Rose Windows - s/t – Used LP
NM/NM. never played, not sealed.
When Chris Cheveyo abandoned the finalized recording of his heavy instrumental post-rock band towards the end of 2010, it wasn’t out of a general cynicism towards expansive, heady music. There was just something about that specific palette of tones and the cut-and-dry melodrama of the songwriting that wasn’t satisfying anymore. So he culled his old habits and made a fresh start with Rose Windows, a Seattle-based sextet that drew upon everything from American folk to West Saharan guitar rock, from pentatonic proto-metal to traditional Persian music, from the darker corners of California’s early psych scene to the hazy atmospherics of contemporary drone artists.
It was a risky era for this sort of bold new venture—there was a lot of talk of austerity in 2010. People were upside-down on their mortgages. Gas prices were high. Not surprisingly, many of the new musicians of the Great Recession were solo bedroom artists, laptop producers, and lo-fi aficionados. It was a time to think small and live within one’s means.
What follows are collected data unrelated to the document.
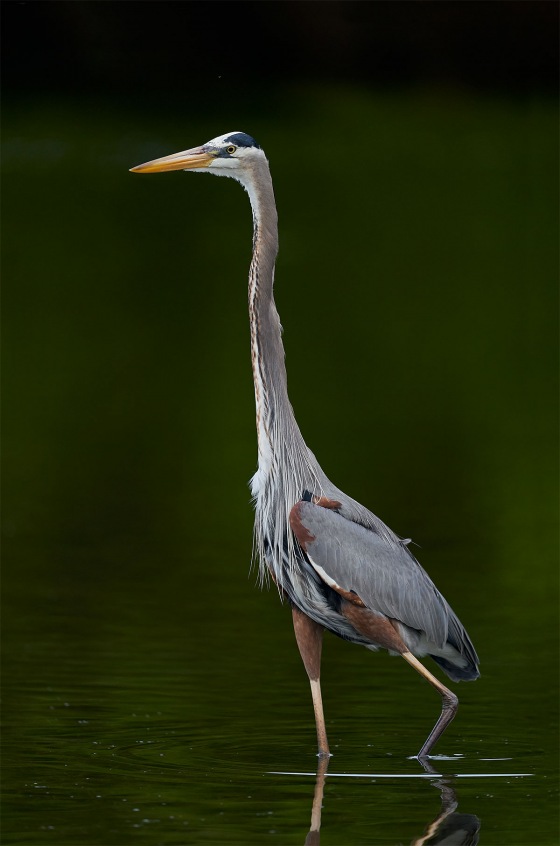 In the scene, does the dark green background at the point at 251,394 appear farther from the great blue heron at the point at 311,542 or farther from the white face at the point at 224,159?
the white face at the point at 224,159

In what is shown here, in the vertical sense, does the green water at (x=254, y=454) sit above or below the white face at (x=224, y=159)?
below

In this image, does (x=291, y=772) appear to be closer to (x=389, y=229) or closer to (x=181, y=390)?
(x=181, y=390)

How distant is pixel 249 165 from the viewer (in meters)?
6.07

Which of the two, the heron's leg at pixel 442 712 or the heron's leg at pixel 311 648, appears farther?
the heron's leg at pixel 311 648

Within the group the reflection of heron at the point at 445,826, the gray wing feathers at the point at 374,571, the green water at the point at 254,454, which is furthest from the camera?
the gray wing feathers at the point at 374,571

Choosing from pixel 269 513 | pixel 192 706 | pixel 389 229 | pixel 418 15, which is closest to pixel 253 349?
pixel 269 513

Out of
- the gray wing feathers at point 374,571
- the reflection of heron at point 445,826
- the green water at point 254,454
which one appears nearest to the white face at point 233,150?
the gray wing feathers at point 374,571

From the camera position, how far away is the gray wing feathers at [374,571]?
582 cm

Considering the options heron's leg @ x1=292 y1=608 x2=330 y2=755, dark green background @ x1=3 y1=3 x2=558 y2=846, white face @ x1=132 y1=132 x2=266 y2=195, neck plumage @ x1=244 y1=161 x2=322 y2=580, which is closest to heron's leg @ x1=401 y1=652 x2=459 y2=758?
dark green background @ x1=3 y1=3 x2=558 y2=846

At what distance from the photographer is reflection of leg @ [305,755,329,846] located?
4.73 metres

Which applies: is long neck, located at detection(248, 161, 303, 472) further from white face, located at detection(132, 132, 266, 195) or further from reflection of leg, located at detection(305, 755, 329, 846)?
reflection of leg, located at detection(305, 755, 329, 846)

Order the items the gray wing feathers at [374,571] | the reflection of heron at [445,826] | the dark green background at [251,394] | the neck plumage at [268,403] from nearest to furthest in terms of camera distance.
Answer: the reflection of heron at [445,826] → the dark green background at [251,394] → the gray wing feathers at [374,571] → the neck plumage at [268,403]

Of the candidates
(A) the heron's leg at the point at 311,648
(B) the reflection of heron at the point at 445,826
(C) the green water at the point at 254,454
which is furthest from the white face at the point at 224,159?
(B) the reflection of heron at the point at 445,826

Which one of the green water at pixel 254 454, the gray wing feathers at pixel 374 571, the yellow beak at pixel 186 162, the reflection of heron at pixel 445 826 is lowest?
the green water at pixel 254 454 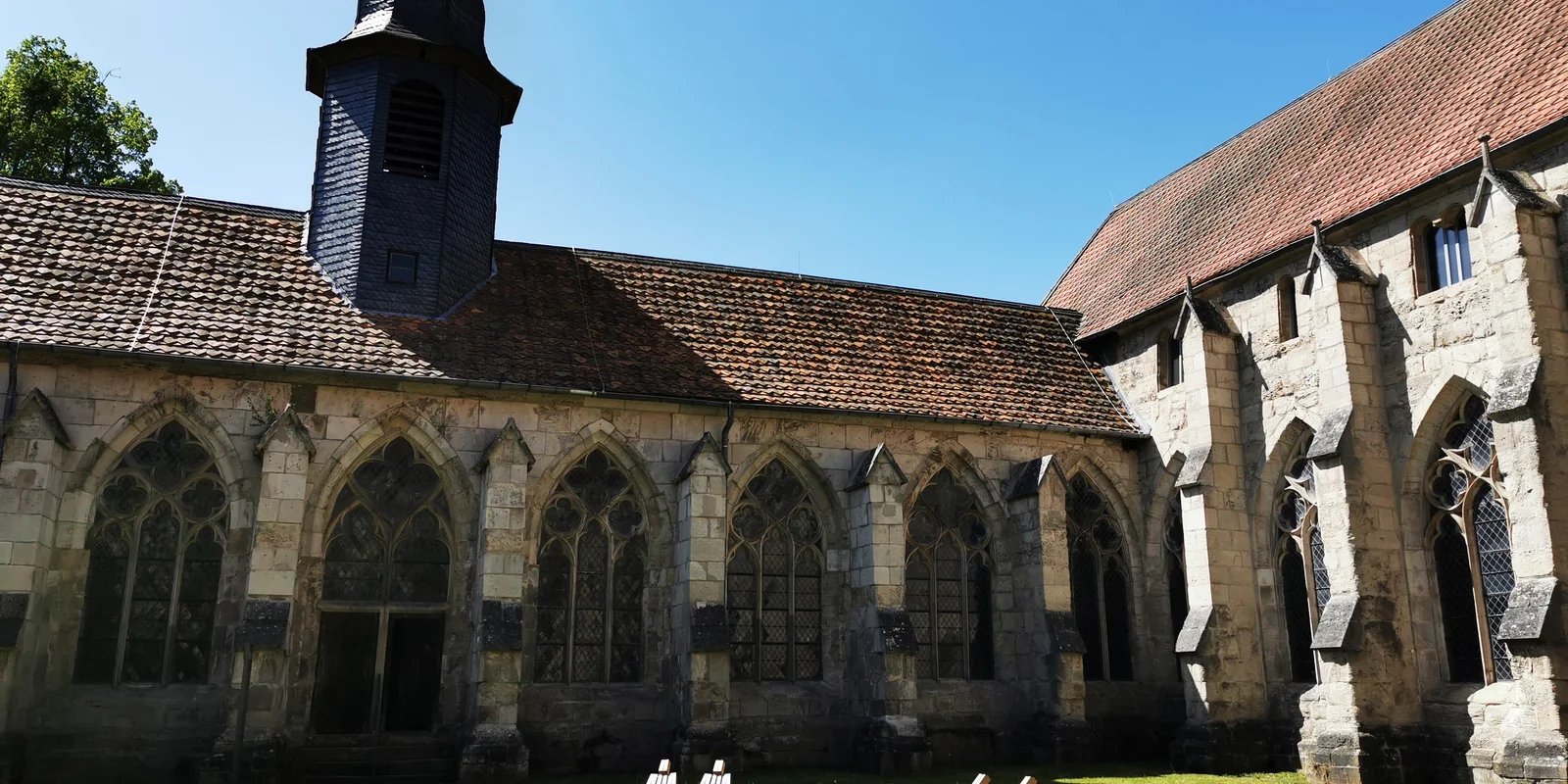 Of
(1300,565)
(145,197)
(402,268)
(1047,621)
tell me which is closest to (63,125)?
(145,197)

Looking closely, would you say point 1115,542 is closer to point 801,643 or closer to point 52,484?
point 801,643

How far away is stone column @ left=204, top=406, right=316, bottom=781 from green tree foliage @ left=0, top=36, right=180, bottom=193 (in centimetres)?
1417

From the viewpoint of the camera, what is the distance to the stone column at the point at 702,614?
52.3 feet

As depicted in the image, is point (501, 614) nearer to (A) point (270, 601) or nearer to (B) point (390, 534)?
(B) point (390, 534)

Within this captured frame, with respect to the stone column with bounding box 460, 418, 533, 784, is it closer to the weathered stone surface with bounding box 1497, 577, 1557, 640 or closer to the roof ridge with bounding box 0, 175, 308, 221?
the roof ridge with bounding box 0, 175, 308, 221

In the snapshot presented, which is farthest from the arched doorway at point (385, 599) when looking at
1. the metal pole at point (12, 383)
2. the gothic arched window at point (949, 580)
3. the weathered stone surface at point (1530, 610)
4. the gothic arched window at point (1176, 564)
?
the weathered stone surface at point (1530, 610)

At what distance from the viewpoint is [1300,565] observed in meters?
17.2

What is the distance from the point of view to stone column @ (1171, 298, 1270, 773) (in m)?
16.8

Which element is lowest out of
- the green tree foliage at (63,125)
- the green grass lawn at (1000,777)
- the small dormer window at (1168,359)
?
the green grass lawn at (1000,777)

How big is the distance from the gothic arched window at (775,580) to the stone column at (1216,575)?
5428 mm

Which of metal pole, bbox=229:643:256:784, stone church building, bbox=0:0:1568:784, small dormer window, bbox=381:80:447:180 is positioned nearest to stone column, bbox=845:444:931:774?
stone church building, bbox=0:0:1568:784

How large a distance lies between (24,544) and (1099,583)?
15.2 m

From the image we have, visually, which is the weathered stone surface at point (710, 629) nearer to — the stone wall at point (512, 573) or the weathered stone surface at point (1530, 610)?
the stone wall at point (512, 573)

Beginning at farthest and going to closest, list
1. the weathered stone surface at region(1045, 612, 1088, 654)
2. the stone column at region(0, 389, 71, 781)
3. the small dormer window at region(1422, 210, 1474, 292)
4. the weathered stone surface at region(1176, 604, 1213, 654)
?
1. the weathered stone surface at region(1045, 612, 1088, 654)
2. the weathered stone surface at region(1176, 604, 1213, 654)
3. the small dormer window at region(1422, 210, 1474, 292)
4. the stone column at region(0, 389, 71, 781) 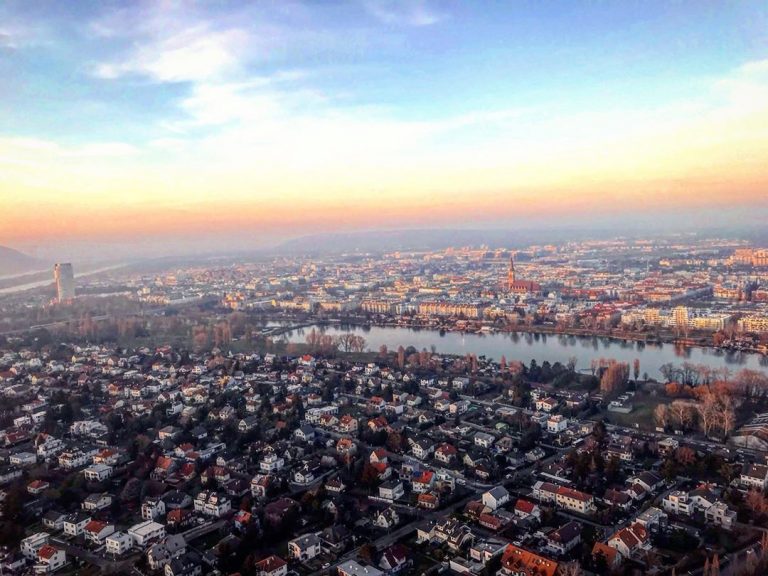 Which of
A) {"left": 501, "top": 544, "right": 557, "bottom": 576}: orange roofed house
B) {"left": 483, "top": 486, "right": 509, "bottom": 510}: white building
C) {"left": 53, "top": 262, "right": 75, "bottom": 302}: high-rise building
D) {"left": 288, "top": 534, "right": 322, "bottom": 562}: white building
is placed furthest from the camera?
{"left": 53, "top": 262, "right": 75, "bottom": 302}: high-rise building

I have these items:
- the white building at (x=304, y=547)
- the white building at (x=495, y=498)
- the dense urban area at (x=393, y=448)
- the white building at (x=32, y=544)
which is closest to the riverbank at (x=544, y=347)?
the dense urban area at (x=393, y=448)

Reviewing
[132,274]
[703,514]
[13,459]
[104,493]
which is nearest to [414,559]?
[703,514]

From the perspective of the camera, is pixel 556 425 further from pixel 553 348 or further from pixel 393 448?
pixel 553 348

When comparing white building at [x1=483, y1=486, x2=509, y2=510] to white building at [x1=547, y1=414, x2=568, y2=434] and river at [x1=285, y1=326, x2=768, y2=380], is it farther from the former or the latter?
river at [x1=285, y1=326, x2=768, y2=380]

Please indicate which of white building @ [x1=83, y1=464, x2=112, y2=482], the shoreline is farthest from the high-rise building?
white building @ [x1=83, y1=464, x2=112, y2=482]

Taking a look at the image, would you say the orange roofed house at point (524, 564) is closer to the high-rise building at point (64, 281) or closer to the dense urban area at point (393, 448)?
the dense urban area at point (393, 448) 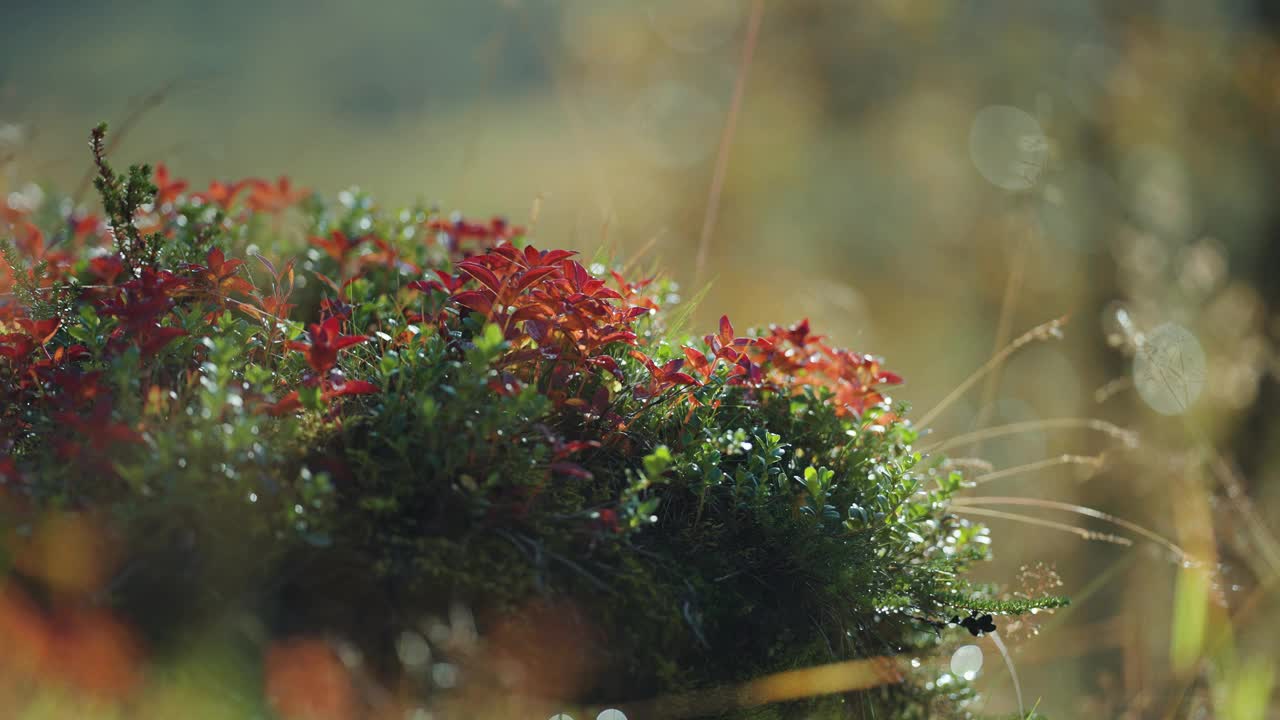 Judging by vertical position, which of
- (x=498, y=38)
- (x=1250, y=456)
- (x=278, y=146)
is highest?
(x=278, y=146)

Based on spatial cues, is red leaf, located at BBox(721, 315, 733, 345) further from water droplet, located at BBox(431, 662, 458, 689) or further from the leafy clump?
water droplet, located at BBox(431, 662, 458, 689)

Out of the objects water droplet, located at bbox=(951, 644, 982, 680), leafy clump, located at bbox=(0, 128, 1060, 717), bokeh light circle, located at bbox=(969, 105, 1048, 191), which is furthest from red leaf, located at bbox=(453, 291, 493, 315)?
bokeh light circle, located at bbox=(969, 105, 1048, 191)

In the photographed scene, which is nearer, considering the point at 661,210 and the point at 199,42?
the point at 661,210

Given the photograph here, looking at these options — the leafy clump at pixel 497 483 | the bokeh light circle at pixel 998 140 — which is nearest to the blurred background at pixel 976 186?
the bokeh light circle at pixel 998 140

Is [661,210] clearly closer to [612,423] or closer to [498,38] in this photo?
[498,38]

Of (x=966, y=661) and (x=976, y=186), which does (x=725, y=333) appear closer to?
(x=966, y=661)

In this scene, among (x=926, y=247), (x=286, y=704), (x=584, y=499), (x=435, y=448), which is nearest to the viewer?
(x=286, y=704)

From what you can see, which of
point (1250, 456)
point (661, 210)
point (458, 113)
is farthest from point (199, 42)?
point (1250, 456) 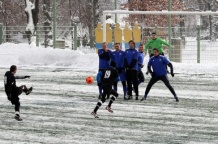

It was an inopportune time to create the kind of lavish, orchestral, spacious records that came out of the peak of album-oriented rock radio of the ‘70s. And yet that’s the kind of record Rose Windows made in the fall of 2011. Their debut album, The Sun Dogs, was a brave record—exploratory, diverse, and lush. It didn’t fit in with the escapist pulse of indie dance music, or the retrograde scuzz of garage rock, or the bucolic nostalgia of the breezy new folk scene. The Sun Dogs, with it’s bluesy dirge, exotic scales, and majestic sprawl, didn’t quite fit it anywhere. Yet its theme of “the everyday blues that capitalism and its hit man, religion, bring on all of us” was certainly apropos of the time.